Mirror Lake, Yosemite Valley, Yosemite National Park

All of this taking place in Yosemite. I love Yosemite in the winter. There's no one there. It's as beautiful as it is any other time of the year. We were very lucky on this trip. We arrived on a Sunday and left on a Wednesday; the Thursday before our trip a huge storm dumped a lot of snow. By the time we arrived on Sunday the storm was over and the roads had been cleared. What was left was stunningly beautiful. A nice amount of pristine snow covered everything making for a true winter wonderland. The outside daytime temperature hovered around thirty-five degrees -- not too cold at all with our layers of sweaters, scarves and winter coats. When we weren't at the Ahwahnee eating we were out exploring this amazing place. This was a trip I could easily do over and over and over...

*Chef Suzanne Goin, Lucques, A.O.C., Tavern in Los Angeles, Californa. Author, 'Sunday Suppers at Lucques'

The event took place over three days and nights. On Sunday night there was a reception to meet the chefs and we did. We chatted with Suzanne, John and Duskie, and Jody while eating hors d'oeuvres and drinking wine. It was a good way to start off the event. All the chefs were very approachable and quite friendly. On Monday at ten o'clock in the morning we met back at the Great Hall of the Ahwahnee for the first cooking demo: Suzanne Goin. Chef Goin prepared 'Pan-Roasted Quail with Pancetta, Baked Ricotta and Sicilian Breadcrumbs' followed by 'Roasted Pear Salad with Endive, Hazelnuts and St. Agur.' Watching her cook I noticed that Chef Goin was very precise in everything she did. She new her next move; her mise en place at hand. I understood; she'd been trained in restaurant kitchens in France. Most chefs I've known exhibit this type of precision. It works, and is necessary, for what they have to do. She was also very giving in how she showed us to prepare the two dishes; answering questions, offering suggestions and making apt comments. Her two dishes were nicely refined, and beautiful to look at. After the demo we tasted the pear salad and it was really delicious. I've always loved endive and blue cheese together; the addition of the roasted pears added another layer of flavor and texture.

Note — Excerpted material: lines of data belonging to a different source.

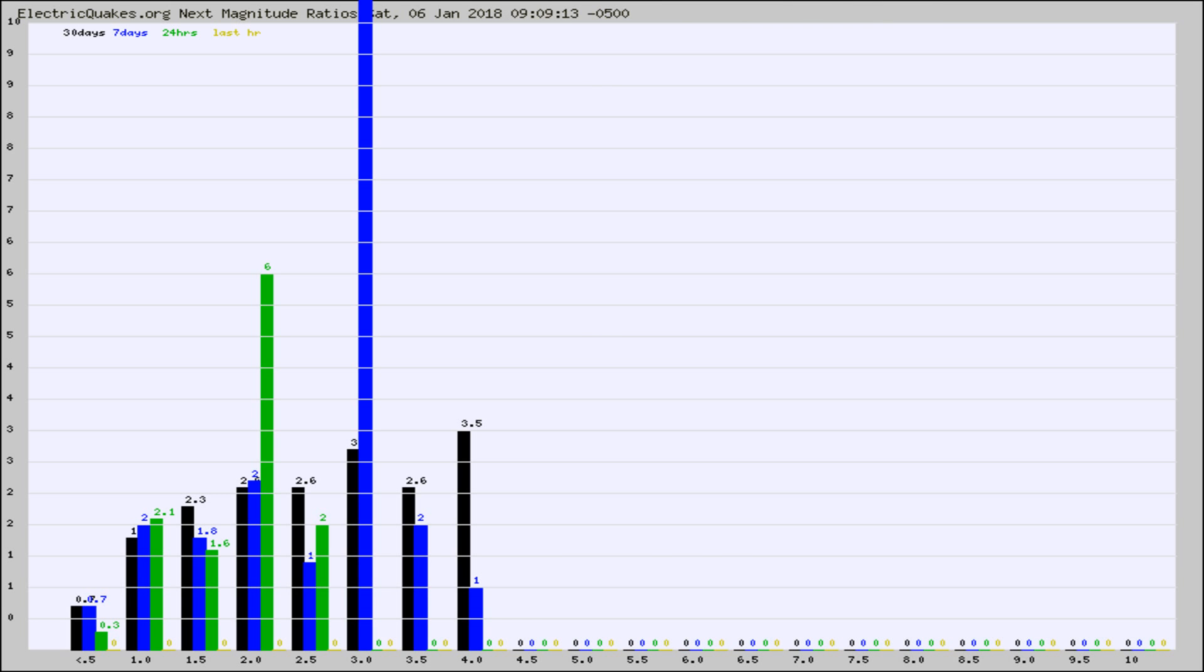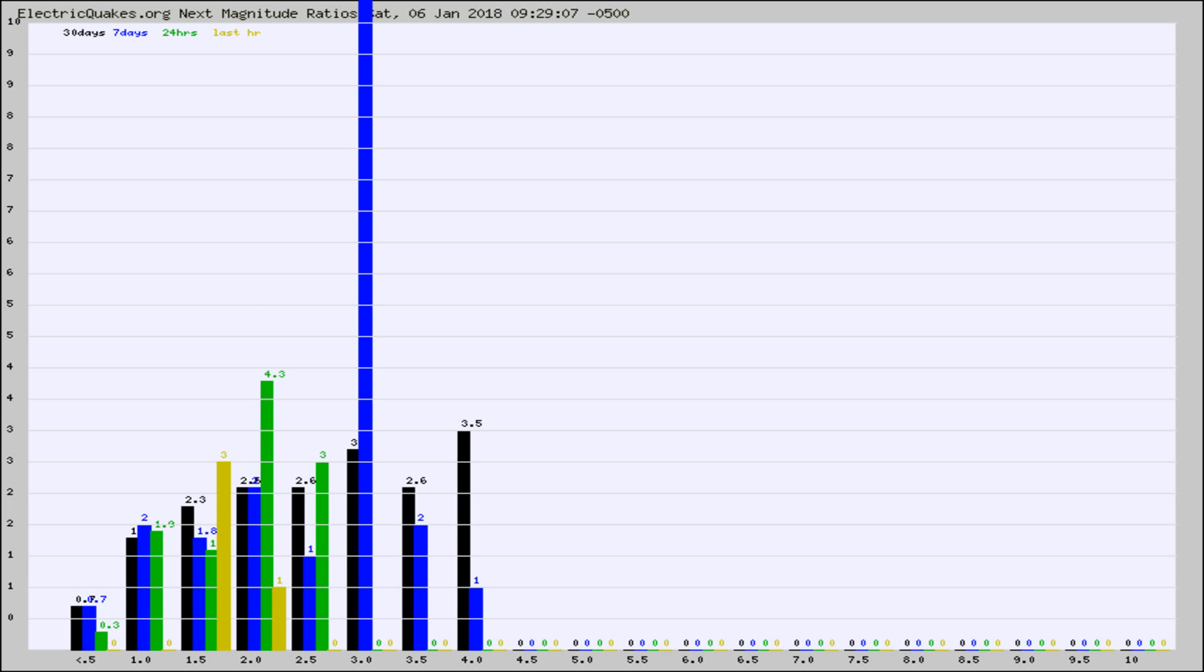And now you're seeing the same thing for just the subset area in California. Again, the black column is 30 days, blue is 7, green is 24 hours, and gold is in the last hour.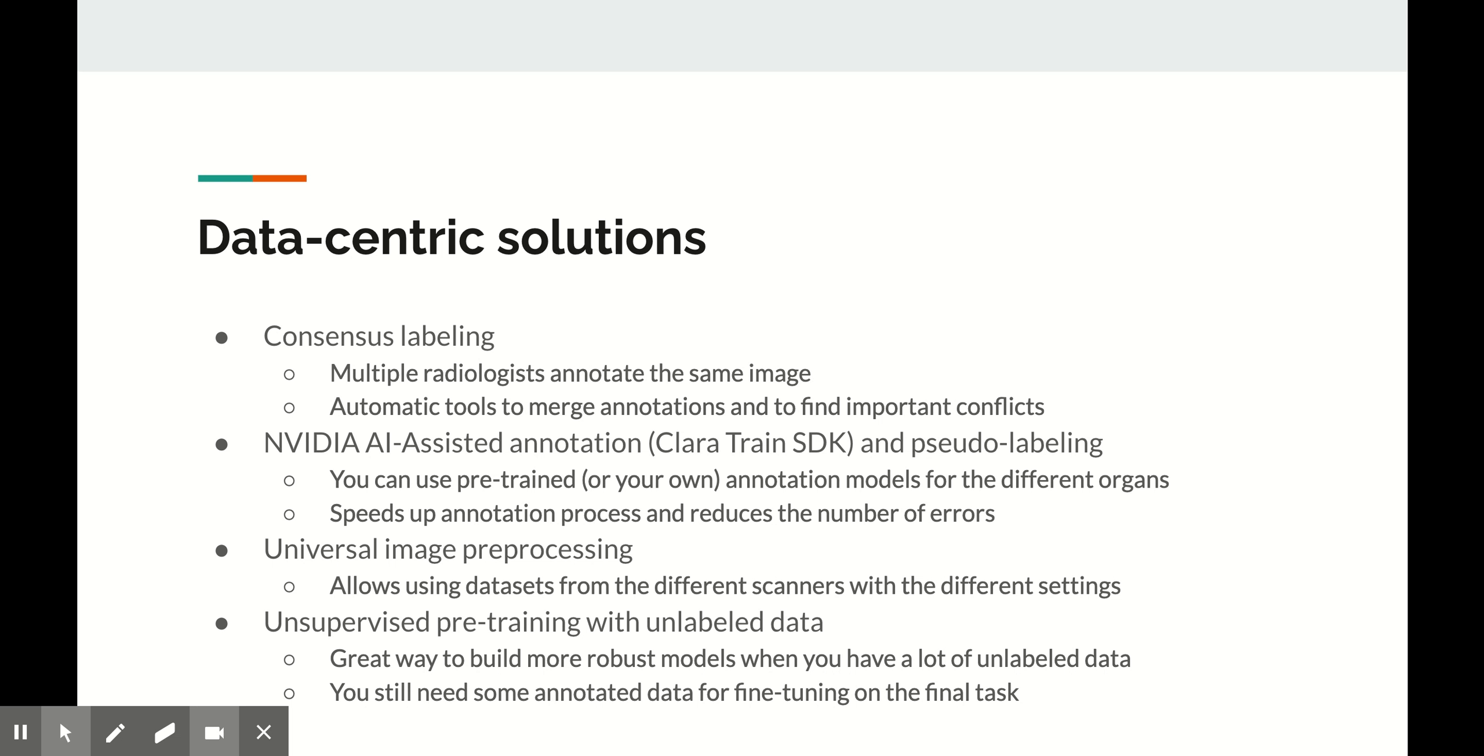Finally, even when you have no labels at all, you can utilize unsupervised pre-training to get a model that can then be fine-tuned for the real task using labeled data.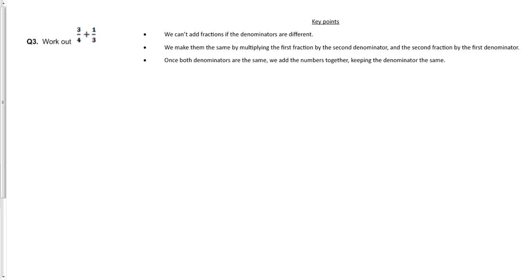Okay, question three. Again, the same as last time, we can't add fractions if the denominators are different. So right here we've got a four and we've got a three. So what we need to do is we need to have a common denominator.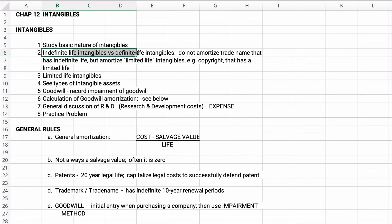We have a distinction between intangible assets that have an indefinite life versus a definite life. Indefinite life assets include goodwill and trademark — they can have those forever. We account for those a little bit differently than limited life intangibles like a patent or copyright. We'll look at limited life, then goodwill, and do some goodwill amortization.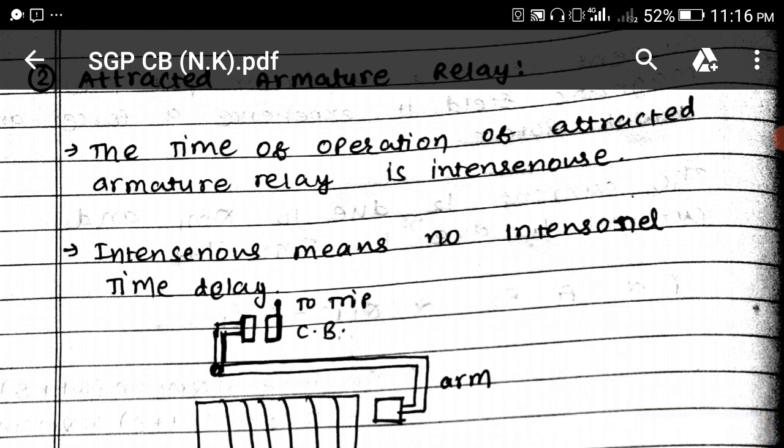Instantaneous means no intentional time delay. We cannot set any time delay. That means a fault is coming and after three to four cycles — that means 100 milliseconds or 150 milliseconds — it will operate, but we cannot set this time in this relay. This time is fixed, that means 20 milliseconds.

Roasted Pear Salad with Endive, Hazelnuts and St. Agur, Chef Suzanne Goin



Pan-Roasted Quail with Pancetta, Baked Ricotta and Sicilian Breadcrumbs, Chef Suzanne Goin



Chefs John Stewart and Duskie Estes starting their cooking demo at the 'Chefs' Holidays at The Ahwahnee' in Yosemite.

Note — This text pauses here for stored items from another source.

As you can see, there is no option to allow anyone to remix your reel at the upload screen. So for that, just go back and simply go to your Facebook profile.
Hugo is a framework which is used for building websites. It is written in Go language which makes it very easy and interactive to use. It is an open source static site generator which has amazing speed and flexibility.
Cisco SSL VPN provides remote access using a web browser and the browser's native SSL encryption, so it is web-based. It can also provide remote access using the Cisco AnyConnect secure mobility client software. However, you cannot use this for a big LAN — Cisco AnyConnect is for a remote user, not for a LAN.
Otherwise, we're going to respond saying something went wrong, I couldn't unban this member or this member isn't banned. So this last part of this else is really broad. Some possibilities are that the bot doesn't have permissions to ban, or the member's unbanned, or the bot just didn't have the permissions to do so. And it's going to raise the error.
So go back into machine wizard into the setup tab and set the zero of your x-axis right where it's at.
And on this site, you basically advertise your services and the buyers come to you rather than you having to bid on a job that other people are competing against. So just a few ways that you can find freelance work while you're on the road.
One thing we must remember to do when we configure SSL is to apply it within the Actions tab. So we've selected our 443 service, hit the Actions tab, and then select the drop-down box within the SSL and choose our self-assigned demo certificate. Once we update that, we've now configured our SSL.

*Chefs John Stewart and Duskie Estes, Zazu Restaurant & Farm, BOVOLO, Black Pig Meat Co., Sonoma County, California

That afternoon we all met back at the Great Hall at two o'clock for John and Duskie's cooking demonstration. They made 'Hazelnut Crepes with Nutella and Blood Orange Syrup' followed by 'Brussels Sprouts, Local Apple, and Black Pig Bacon Salad.' John and Duskie are a little more country to Suzanne's city. Duskie chose the crepes recipe with Nutella because Nutella is something she likes and because she likes to combine high and low food together. The idea is to use easy to get products with those that are harder to get in the same dish. There's also a nice playfulness to Duskie and John, evident in this dish. One of the main reasons I like these two chefs is because as mentioned above they live locally, and because one of their credos is 'no waste.' They use every part of the animal; any organic waste from the food preparation process is either fed to their pigs or composted for their garden. In their restaurants many of the vegetables for the day's menus are harvested in the garden outside the kitchen's back door just before service. At their farm-home they raise pigs, have chickens for eggs and a garden. It's a full circle lifestyle. During their demo they were relaxed and easy-going; they worked well together but it was also evident that they knew what they were doing. These are seasoned professionals. While the crepes were Duskie's dish, the Brussels sprouts dish offered John his moment to work with his black pig bacon. Bacon that he cures himself along with other salumi that he makes. We tasted the Brussels sprouts after the demo and they were earthy and wonderful; the bacon, apples and sprouts working together perfectly.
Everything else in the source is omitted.